Apple announced their Self Repair program in 2021, stating that it would launch early in 2022. Now whether late April counts as “early” or not is down to you, its the first half I guess so it could have been worse.

Apple Self Repair Store
This is how Apple’s Self Service Repair Store looks… pretty generic!

The Apple Self Repair website is pretty bare bones, it looks like a default shopping website template and looks as though it’s run by a third party. At least Apple would have you think that. Even in the Privacy Policy it’s described as SPOT (Service Repair Or Tools), not as Apple. It doesn’t fill you with confidence at the beginning that this is an Apple service.

When the rented tools arrive as seen in iupdate’s video, you get two huge cases filled with what seems to be the same tools that Apple’s Genius Bar would use behind the scenes. These tools are covered with warning labels about crush hazards and hot surfaces.

Perhaps this is the point. Apple hasn’t introduced this program out of a passion to do so. It’s not here to save you money. After rental of tools and the parts, the total cost is between $10 and $40 of what you’d pay someone else to do it at the Apple store.

Apple Self Repair Benefits

I guess if you don’t live anywhere near an Apple store though, this is still helpful. My theory however is that Apple is just doing this to show how much goes into doing a repair on an iPhone properly.
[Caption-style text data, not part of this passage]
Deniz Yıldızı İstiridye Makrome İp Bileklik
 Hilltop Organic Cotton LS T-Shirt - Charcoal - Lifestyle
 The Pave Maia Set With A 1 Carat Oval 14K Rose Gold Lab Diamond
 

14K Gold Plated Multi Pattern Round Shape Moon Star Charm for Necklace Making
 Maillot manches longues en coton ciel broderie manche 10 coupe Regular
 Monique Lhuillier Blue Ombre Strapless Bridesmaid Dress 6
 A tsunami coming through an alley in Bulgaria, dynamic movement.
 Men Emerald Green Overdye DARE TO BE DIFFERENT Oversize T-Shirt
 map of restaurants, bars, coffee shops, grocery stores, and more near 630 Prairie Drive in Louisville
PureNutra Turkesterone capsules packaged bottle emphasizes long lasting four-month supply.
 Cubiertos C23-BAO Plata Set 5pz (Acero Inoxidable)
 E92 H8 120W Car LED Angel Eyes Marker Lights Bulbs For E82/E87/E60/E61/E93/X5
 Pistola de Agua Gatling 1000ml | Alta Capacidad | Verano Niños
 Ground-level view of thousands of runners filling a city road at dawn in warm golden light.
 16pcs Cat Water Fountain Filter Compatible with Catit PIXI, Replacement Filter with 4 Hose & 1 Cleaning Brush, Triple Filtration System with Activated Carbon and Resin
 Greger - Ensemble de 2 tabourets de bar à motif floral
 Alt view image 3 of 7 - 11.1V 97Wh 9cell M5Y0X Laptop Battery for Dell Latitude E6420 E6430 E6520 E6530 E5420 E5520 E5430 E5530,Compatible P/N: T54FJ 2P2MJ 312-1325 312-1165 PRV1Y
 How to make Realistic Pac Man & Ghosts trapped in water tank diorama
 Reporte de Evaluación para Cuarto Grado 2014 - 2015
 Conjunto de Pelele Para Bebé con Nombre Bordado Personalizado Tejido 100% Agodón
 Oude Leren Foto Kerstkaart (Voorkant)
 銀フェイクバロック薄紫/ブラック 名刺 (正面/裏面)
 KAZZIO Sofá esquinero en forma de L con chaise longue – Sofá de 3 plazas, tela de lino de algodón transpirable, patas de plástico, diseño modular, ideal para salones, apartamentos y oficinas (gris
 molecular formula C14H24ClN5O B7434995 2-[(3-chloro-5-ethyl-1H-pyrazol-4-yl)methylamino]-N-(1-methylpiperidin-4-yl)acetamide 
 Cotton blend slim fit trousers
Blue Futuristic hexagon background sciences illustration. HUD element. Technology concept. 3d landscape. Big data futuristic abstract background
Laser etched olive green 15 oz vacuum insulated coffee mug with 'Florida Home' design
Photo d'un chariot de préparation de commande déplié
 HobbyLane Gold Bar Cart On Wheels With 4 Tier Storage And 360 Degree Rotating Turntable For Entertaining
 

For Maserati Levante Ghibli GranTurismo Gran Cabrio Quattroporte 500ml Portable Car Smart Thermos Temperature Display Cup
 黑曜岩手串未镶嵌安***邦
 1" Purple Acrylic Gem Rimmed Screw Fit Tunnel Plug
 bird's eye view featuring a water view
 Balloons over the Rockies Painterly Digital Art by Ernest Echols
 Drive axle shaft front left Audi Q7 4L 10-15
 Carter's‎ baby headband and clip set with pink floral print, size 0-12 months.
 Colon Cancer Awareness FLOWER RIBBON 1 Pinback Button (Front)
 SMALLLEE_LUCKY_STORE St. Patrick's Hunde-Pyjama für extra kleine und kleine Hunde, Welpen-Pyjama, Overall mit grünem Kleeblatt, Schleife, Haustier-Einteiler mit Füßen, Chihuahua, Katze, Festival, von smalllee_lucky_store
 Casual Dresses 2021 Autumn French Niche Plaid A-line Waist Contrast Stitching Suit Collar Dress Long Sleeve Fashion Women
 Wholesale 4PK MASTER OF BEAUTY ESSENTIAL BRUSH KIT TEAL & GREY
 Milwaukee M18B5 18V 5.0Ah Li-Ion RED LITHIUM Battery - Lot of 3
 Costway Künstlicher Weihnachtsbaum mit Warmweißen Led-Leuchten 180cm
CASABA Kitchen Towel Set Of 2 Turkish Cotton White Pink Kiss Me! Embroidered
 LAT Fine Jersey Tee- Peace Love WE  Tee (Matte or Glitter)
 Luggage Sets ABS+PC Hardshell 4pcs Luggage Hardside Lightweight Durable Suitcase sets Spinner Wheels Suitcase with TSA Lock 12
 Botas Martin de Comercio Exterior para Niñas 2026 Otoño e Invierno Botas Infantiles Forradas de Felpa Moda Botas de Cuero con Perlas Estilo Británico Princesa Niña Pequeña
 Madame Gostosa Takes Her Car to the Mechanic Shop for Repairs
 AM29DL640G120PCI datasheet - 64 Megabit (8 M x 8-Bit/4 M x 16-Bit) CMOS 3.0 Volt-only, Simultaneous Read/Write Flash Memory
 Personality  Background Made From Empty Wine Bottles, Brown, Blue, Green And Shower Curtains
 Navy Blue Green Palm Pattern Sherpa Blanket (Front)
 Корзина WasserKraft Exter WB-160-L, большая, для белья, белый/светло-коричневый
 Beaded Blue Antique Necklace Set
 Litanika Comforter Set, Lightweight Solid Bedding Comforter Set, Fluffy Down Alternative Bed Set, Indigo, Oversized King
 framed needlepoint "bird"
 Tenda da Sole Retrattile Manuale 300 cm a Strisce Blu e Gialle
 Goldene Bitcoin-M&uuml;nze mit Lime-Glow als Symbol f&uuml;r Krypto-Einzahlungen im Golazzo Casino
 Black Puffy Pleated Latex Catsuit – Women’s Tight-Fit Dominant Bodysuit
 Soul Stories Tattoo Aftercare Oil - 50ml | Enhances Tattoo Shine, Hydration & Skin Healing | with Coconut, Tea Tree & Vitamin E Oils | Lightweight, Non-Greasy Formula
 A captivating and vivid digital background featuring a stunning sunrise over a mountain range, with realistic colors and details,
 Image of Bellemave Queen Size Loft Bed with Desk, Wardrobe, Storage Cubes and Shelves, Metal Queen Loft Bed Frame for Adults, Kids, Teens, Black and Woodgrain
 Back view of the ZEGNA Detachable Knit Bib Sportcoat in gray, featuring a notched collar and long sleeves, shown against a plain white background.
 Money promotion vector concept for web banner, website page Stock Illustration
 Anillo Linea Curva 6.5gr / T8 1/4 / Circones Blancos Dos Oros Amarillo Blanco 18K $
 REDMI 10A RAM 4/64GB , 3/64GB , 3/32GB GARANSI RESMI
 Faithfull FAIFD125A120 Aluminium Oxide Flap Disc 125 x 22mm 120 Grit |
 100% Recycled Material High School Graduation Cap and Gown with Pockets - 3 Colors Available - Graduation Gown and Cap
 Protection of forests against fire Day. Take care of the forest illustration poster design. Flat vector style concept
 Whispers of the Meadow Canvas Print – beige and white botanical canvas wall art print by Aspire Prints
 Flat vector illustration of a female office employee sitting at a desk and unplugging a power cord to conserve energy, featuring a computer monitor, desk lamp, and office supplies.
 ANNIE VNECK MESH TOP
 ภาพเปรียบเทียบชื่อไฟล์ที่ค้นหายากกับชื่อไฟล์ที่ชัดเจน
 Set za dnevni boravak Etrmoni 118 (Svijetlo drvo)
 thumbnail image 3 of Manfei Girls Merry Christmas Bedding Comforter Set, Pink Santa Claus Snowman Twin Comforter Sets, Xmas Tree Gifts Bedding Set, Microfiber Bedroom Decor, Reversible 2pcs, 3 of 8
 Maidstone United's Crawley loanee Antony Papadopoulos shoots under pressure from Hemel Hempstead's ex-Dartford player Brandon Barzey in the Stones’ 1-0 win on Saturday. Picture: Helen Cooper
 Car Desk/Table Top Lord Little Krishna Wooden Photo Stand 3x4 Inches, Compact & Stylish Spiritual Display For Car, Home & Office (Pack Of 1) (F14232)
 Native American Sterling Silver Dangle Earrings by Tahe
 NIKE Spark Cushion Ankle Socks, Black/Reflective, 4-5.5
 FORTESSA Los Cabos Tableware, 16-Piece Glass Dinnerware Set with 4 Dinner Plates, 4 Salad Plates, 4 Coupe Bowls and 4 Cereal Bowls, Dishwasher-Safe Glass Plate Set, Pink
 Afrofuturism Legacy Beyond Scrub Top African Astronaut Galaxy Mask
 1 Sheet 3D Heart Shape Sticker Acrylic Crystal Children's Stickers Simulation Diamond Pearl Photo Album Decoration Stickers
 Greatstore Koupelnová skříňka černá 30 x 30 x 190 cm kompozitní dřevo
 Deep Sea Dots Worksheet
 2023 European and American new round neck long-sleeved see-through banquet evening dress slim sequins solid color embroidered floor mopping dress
Can you get your iPhone repaired at a corner phone store? Sure. But will it still be waterproof, will it work as expected? Maybe not. Maybe Apple wants to show that they protected the process before because it’s not easy to do well. Building a piece of tech as powerful and advanced as an iPhone AND making it waterproof isn’t easy. Expecting to repair it with cheap tools is probably not realistic.

Everyone likes to rag on Apple for not supporting easy repair of their phones, but now, you can do it properly. That can only be a good thing.